Now you might think that just creating good content is enough to climb the timelines and build your following.
But there are ways to massively shortcut the process – and some of these can be quite underhand and damaging.
How influencers inflate their engagement
Buying clicks and likes online is easier than ever. Simply search Google for ‘buy Instagram likes’ or ‘Buy YouTube views’.
These clicks and followers can be incredibly cheap, sometimes as low as just a few dollars for thousands of clicks. They’re often also marketed as ‘genuine’ traffic, suggesting real people from specific locations.
And the truth is, the buying and selling of these fake clicks is commonplace. Even your favourite influencer (or whoever you follow on Insta) probably has a big stack of fake followers.
After all, for just a few dollars you can boost your views and probably climb up the timeline and win more followers.
But what exactly are these paid likes and followers? Are any of them as ‘genuine’ as they claim?
The click industry
When you buy clicks, or followers, you’re normally paying for a click farm. A click farm is a location that creates bulk internet traffic often using bots.
These bots are basically automated scripts that run 24/7 and can click hundreds of times per minutes on anything online. Basically, whatever you want to hire a click farm to click, they’ll be happy to click.
In general, these click farms are used to engage with social media posts, YouTube videos and ad banners on websites (inflating ad payout for publishers). However you can also hire a click bot to watch live Twitch streams, listen to Spotify or download an app.
In short, if there is a market for inflating engagement, or a reason to click for followers or to earn money, you can hire a click farm.
These is also another channel for paid clicks, which is paid-to-click websites, or PTC websites.
You might have seen these advertised as ‘work from home’ opportunities. The theory is that people sign up for a PTC website or app, and they earn money each time they view an ad or video or click a link. The payout is usually low, so people need to click a lot.
But this form of remote click farm is especially popular in low income countries such as in Asia or some countries in South America.
The impact of fake clicks
For the average user, the impact of fake clicks isn’t that big a deal. People see a post has lots of likes and they might think it has more authority or a reason for being so popular, but it tends to be because of fake engagement.
One of the main problems of fake engagement has been the spreading of fake information, the ‘fake news’ issue. Platforms such as Facebook and Twitter have long been trying to tackle the problem of disinformation being spread on their platforms, which is often a result of inflated engagement and fake accounts.
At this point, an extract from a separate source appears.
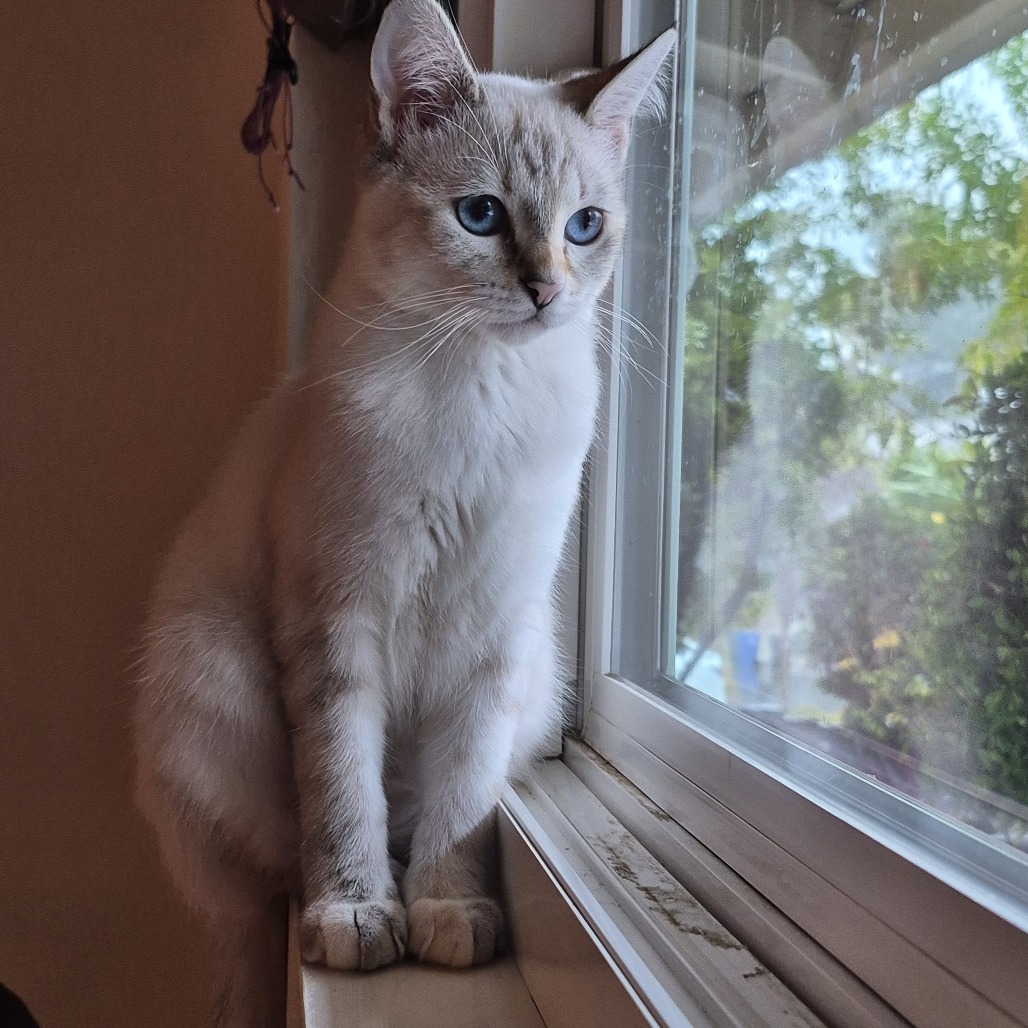Pixie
Research suggests that around 40-50% of all web traffic is automated. Those that are most affected are advertisers, who often find that large chunks of their advertising budget is wasted on non-human ad spend.
The rise and rise of click fraud has become a $35 billion issue for the marketing industry. With so much money wasted on pay per click ads, or social media ads, advertisers have been turning to online methods to reduce their exposure to these bots.
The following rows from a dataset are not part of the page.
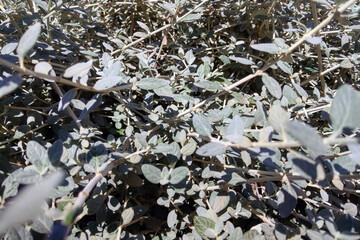 Dense Foliage with Silver-Gray Leaves in Natural Sunlight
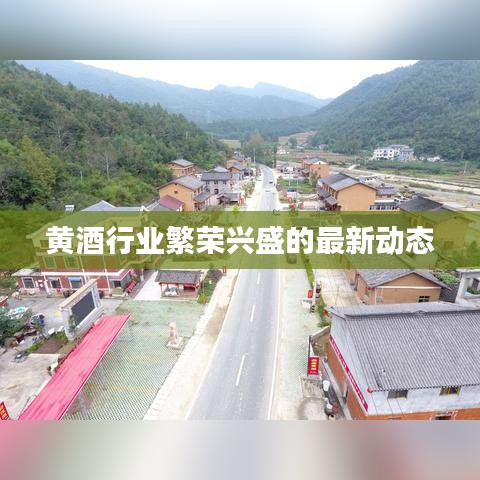 黃酒行業(yè)繁榮興盛的最新動態(tài)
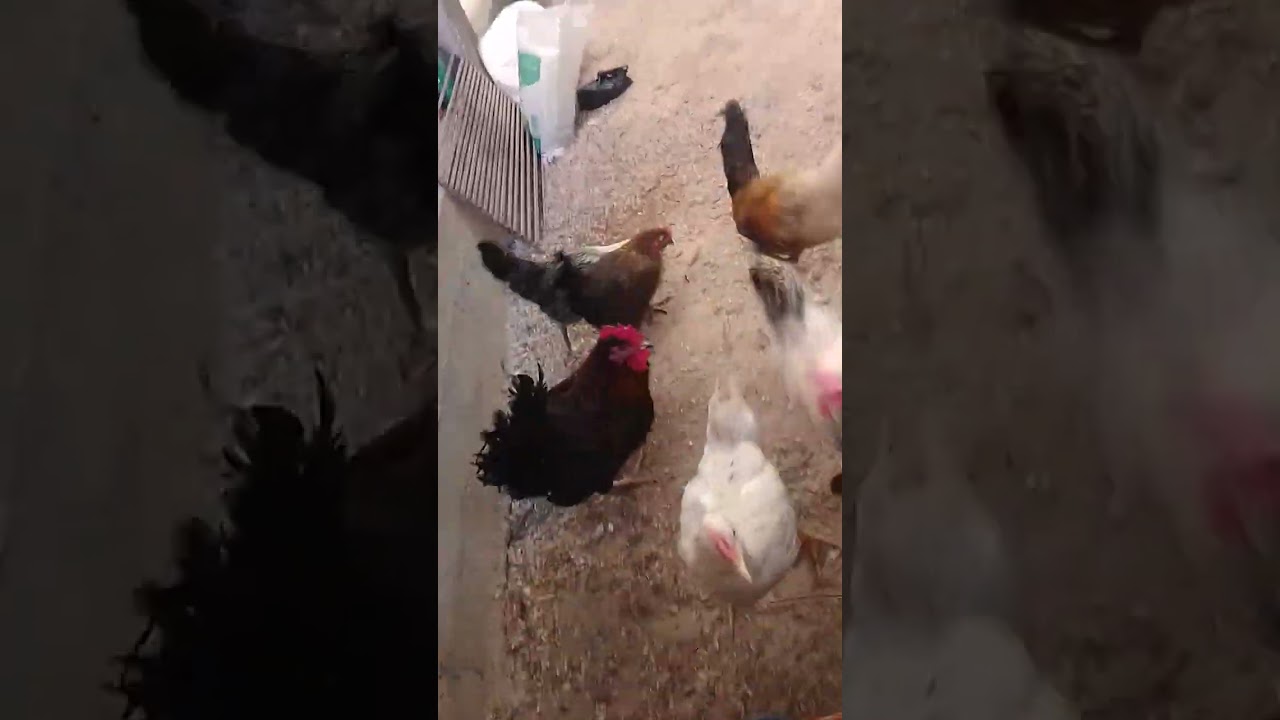@مزرعة دجاج أمين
What is being done about fake engagement?
At the moment, the problem of non-genuine engagement on social media or the internet as a whole is not being taken entirely seriously by the major platforms. Facebook and Google both claim to be tackling the issue, but the problem does still remain.
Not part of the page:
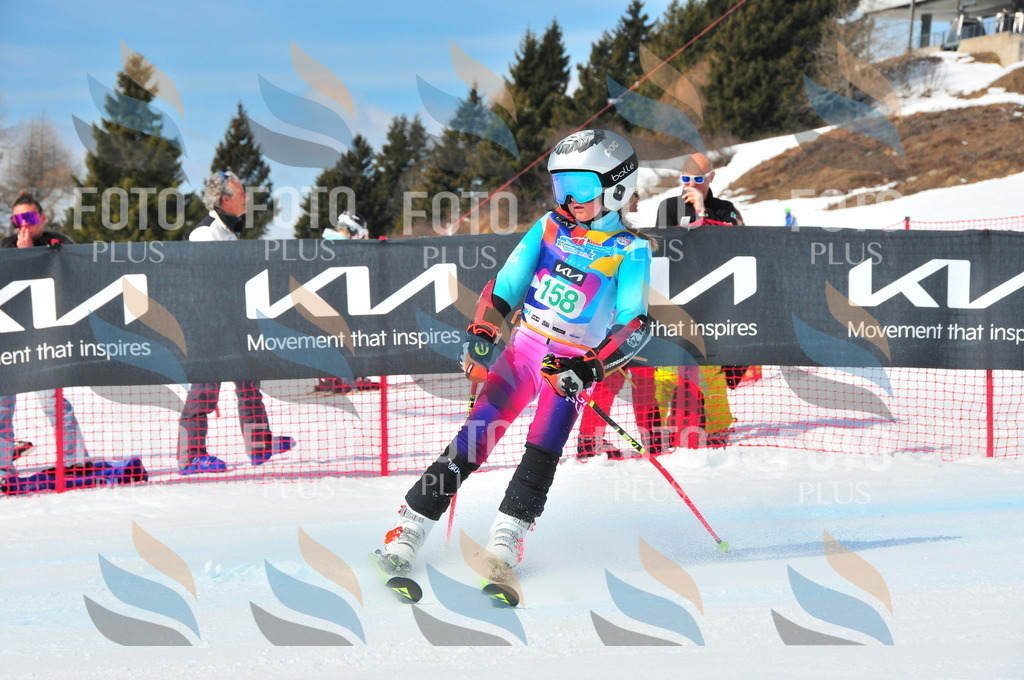 DSC_1408 | holidayphoto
By removing engagement metrics such as likes on Instagram, Facebook is trying to devalue the ‘like’. However this hasn’t had the desired effect yet.
Google also rolled out a number of updates designed to change how things like cookies work, and their advertising processes. But as of late 2021, these processes are still a work in progress and have yet to have much of an impact.
Interestingly, there has also been some developments using blockchain technology to verify the ‘proof of view’ for videos and live streams. The best known of these is a project called Verasity, which is aiming to tokenise individual views and eliminate bots.
It remains to be seen if this will have the desired effect.
What can you do?
The best thing to do is to avoid buying clicks or engagement online. This traffic is, despite its price, effectively worthless.
Although it might serve to boost engagement or traffic, it fuels this fake economy and continues to cause problems for both society as a whole and the digital ecosystems.
If you are an advertiser on social media, using invalid traffic blocking software such as ClickCease or Cheq for PPC can hugely reduce the impact of fake clicks.